2.        In particolare, il giudice a quo esprime dubbi in ordine alla compatibilità con il diritto comunitario delle disposizioni della legge polacca che stabiliscono i termini per il rimborso ai debitori comunitari dell’IVA (4) dell’eccedenza fra l’imposta assolta a monte e quella dovuta (in prosieguo: l’«eccedenza d’imposta») sul loro conto bancario nel corso dei primi dodici mesi dalla loro registrazione, nonché i presupposti per la riduzione di tali termini.

I –    Quadro giuridico

A –    Diritto comunitario

3.        L’art. 5, n. 3, CE così dispone:

«L’azione della Comunità non va al di là di quanto necessario per il raggiungimento degli obiettivi del presente Trattato»

4.        L’art. 2 della prima direttiva prevede quanto segue:

«Il principio del sistema comune di imposta sul valore aggiunto consiste nell’applicare ai beni ed ai servizi un’imposta generale sul consumo esattamente proporzionale al prezzo dei beni e dei servizi, qualunque sia il numero di transazioni intervenute nel processo di produzione e di distribuzione antecedente alla fase dell’imposizione.

A ciascuna transazione, l’imposta sul valore aggiunto, calcolata sul prezzo del bene o del servizio all’aliquota applicabile al suddetto bene o servizio, è esigibile previa deduzione dell’ammontare dell’imposta sul valore aggiunto che ha gravato direttamente sul costo dei diversi elementi costitutivi del prezzo.
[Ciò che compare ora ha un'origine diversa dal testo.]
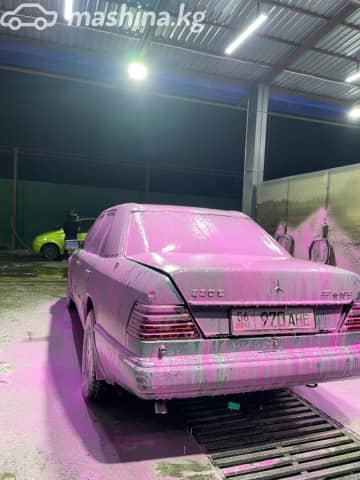 Mercedes-Benz W124 230 2.3 AT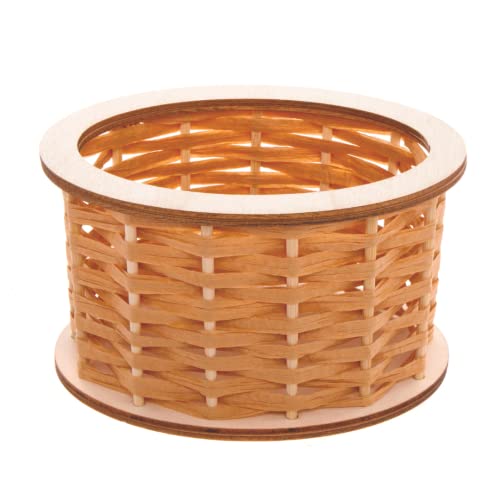 Baker Ross AX732 - Kit di tessitura per cesta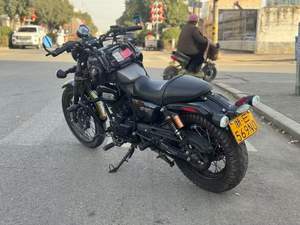 Motor Bekas Laris SR250-RA2 Sepeda Motor Bertenaga Bensin Motor Jalanan Sportbike Sepeda Motor Trail Bekas - Product Image 3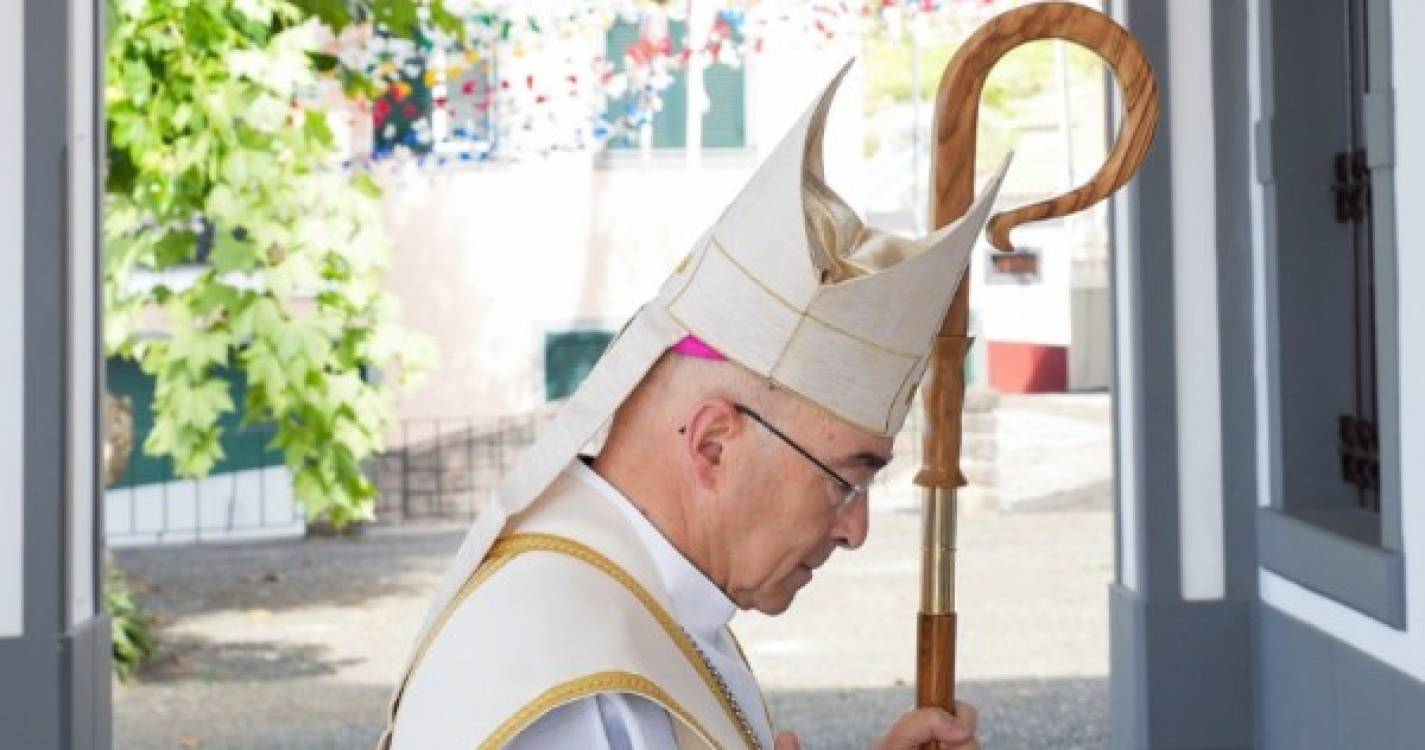 Bispo do Funchal adianta que há 400 madeirenses inscritos para a Jornada Mundial da Juventude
Il sistema comune d’imposta sul valore aggiunto è applicato fino allo stadio del commercio al minuto incluso».

5.        L’art. 18, n. 4, della sesta direttiva così dispone:

«Qualora, per un dato periodo fiscale, l’importo delle deduzioni autorizzate superi quello dell’imposta dovuta, gli Stati membri possono procedere a rimborso o riportare l’eccedenza al periodo successivo, secondo modalità da essi stabilite».

6.        Infine, l’art. 27, n. 1, della sesta direttiva è così formulato:

«Il Consiglio, deliberando all’unanimità su proposta della Commissione, può autorizzare ogni Stato membro a mantenere o introdurre misure particolari di deroga alla presente direttiva, allo scopo di semplificare la riscossione dell’imposta o di evitare talune frodi o evasioni fiscali. Le misure aventi lo scopo di semplificare la riscossione dell’imposta non devono influire, se non in misura trascurabile, sull’importo dell’imposta da versare allo stadio del consumo finale».

B –    Diritto nazionale

7.        L’art. 87 della Ustawa o podatku od towarów i usług (legge relativa all’imposta sui beni e servizi) dell’11 marzo 2004 (5), nella sua versione applicabile alla causa principale (in prosieguo: «la legge sull’IVA»), dispone quanto segue:

«1. Qualora l’importo dell’imposta assolta a monte (…) sia in un dato periodo fiscale superiore all’importo dell’imposta dovuta, il soggetto passivo ha diritto alla riduzione dell’imposta dovuta di un importo corrispondente a tale differenza per il periodo successivo o al rimborso di quest’ultima sul suo conto bancario.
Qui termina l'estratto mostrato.